Photo by Clay Elliot
Spokane recorded 2,826 traffic crashes in 2025. Twenty-one of them were fatal. More than 970 people were injured across all levels of severity, a ratio that matters in a city this size: roughly one out of every three crashes involved an injury, and one in every 135 ended in a death.
What stands out immediately is where those deaths occurred. The fatal locations trace a familiar map: North–south arterials, commercial corridors, highway access points, and transitional spaces—parking lots, park entrances, school fronts—where speed, visibility, and human movement intersect.

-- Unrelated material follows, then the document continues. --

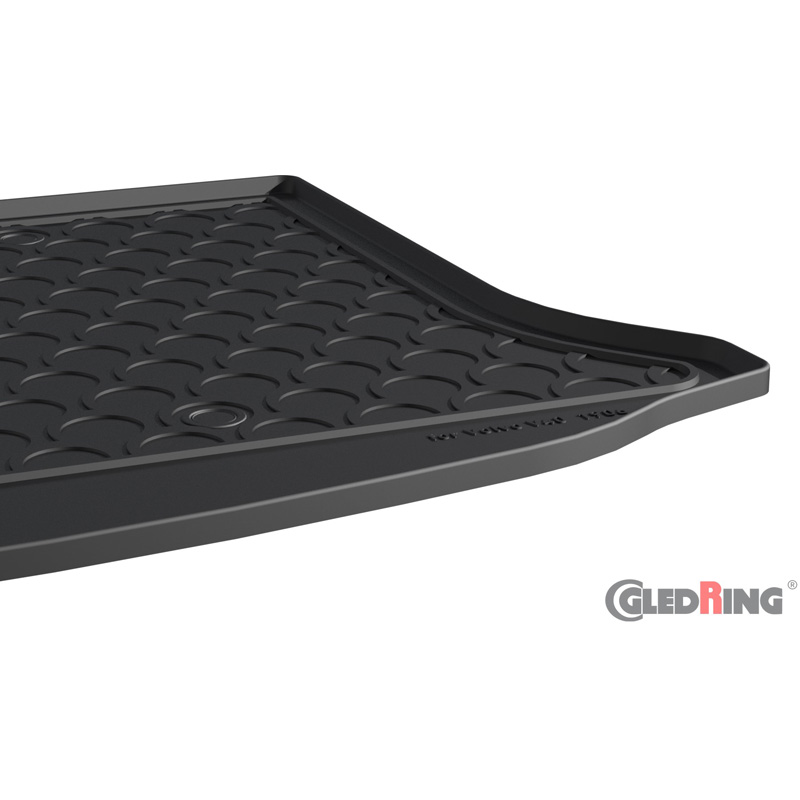 Coquille coffre-arrière Rubbasol (caoutchouc) sur mesure pour Volvo V40 2012- (excl. D2/D3/D4 Euro6 2018-) (Sol en bas)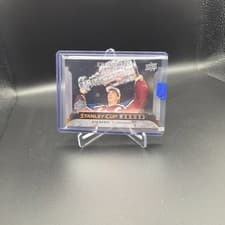 2025-26 Upper Deck Black Diamond Exquisite Stanley Cup Heroes Joe Sakic #ESC-JS card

North Nevada Street appears repeatedly. So does Division Street, Francis Avenue, and the I-90 corridor. These are Spokane’s daily routes.
A Decade Trend, Not a One-Year Drop
Spokane’s crash numbers show a clear downward trend. Total crashes dropped from 4,383 in 2019 (the highest point of the last decade) to 4,131 in 2021, 4,080 in 2022, 3,680 in 2024, and 2,954 in 2025—a 32% decrease from the pre-COVID peak and nearly a 20% drop in just the last two years. This reflects a longer shift that points toward real structural change in how risk is managed across the city. Even alcohol-involved crashes follow the same deceleration trend,
Fatal Crashes Were Spread But Not Random
The 21 fatal crashes were distributed across north Spokane, downtown edges, westside arterials, and south hill green spaces. Several patterns emerge:
- North Spokane arterials (Nevada, Division, Market) account for a disproportionate share of fatalities, including multiple pedestrian deaths.
- Commercial parking lots were not immune. One fatal crash occurred inside a lot at N Nevada St & E Magnesium Rd—the same area tied to a teen-driver fatality later in the year.
- Curves, highway exits, and frontage roads—from Sunset Highway to High Drive Park—appear repeatedly.
On one Thursday night alone, two pedestrians were killed within three hours near Nevada Street. One was struck while crossing near Gordon Avenue before 6:15 p.m. The other died later that night in the parking lot near Magnesium Road, still pinned under a pickup when firefighters arrived.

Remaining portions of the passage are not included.